The Government of Qatar has requested to buy defense articles and services from the U.S. Government in support of a Direct Commercial Sale of the National Advanced Surface to Air Missile System (NASAMS). This proposed sale improves Qatar’s defense capability to deter regional threats and strengthen its homeland defense. The NASAMS capability would provide a full range of protection from imminent hostile cruise missile, unmanned aerial vehicle, rotary wing, and fixed wing threats. Qatar will have no difficulty in absorbing this equipment.
The proposed sale includes 40 AIM 120C-7 Advanced Medium-Range Air-to-Air Missiles (AMRAAM) missiles, eight AMRAAM Captive Air Training Missile (CATM-120C), one spare AMRAAM guidance section, one spare control section and missile containers. It also includes classified software for the Raytheon-made AN/MPQ-64F1 Sentinel Short Range Air Defense (SHORAD) radar, spare and repair parts, cryptographic and communication security devices, precision navigation equipment, training, and other related program support.The principal contractor and integrator will be Raytheon, which partnered with Norway’s Kongsberg to develop the medium-range networked and distributed NASAMS for the Royal Norwegian Air Force.
NASAMS (National/Norwegian Advanced Surface to Air Missile System) is a distributed and networked medium to long range air-defence system. It employs the AIM-120 Advanced Medium Range Air-to-Air Missile (AMRAAM) as the primary weapon. It can also fire the RIM-162 Evolved Sea Sparrow Missile, AIM-9X Sidewinder and can be modified to use other weapons including indigenous missiles.

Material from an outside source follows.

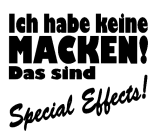 Autoaufkleber „Ich habe keine Macken, das sind Spezial Effects!“ – Lustiger Spruch fürs Auto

A NASAMS II battery consists of up to 12 missile launchers carrying six missiles each, networked with up to eight AN/MPQ-64 Sentinel high-resolution X-band 3D radars, MSP 500 electro-optical/infrared (EO/IR) sensor systems and Fire Distribution Centres. Targets including cruise missiles, drones, helicopters and planes are automatically detected and tracked by the pencil beam radar, while the FDC automatically conducts identification, threat evaluation and weapon assignment.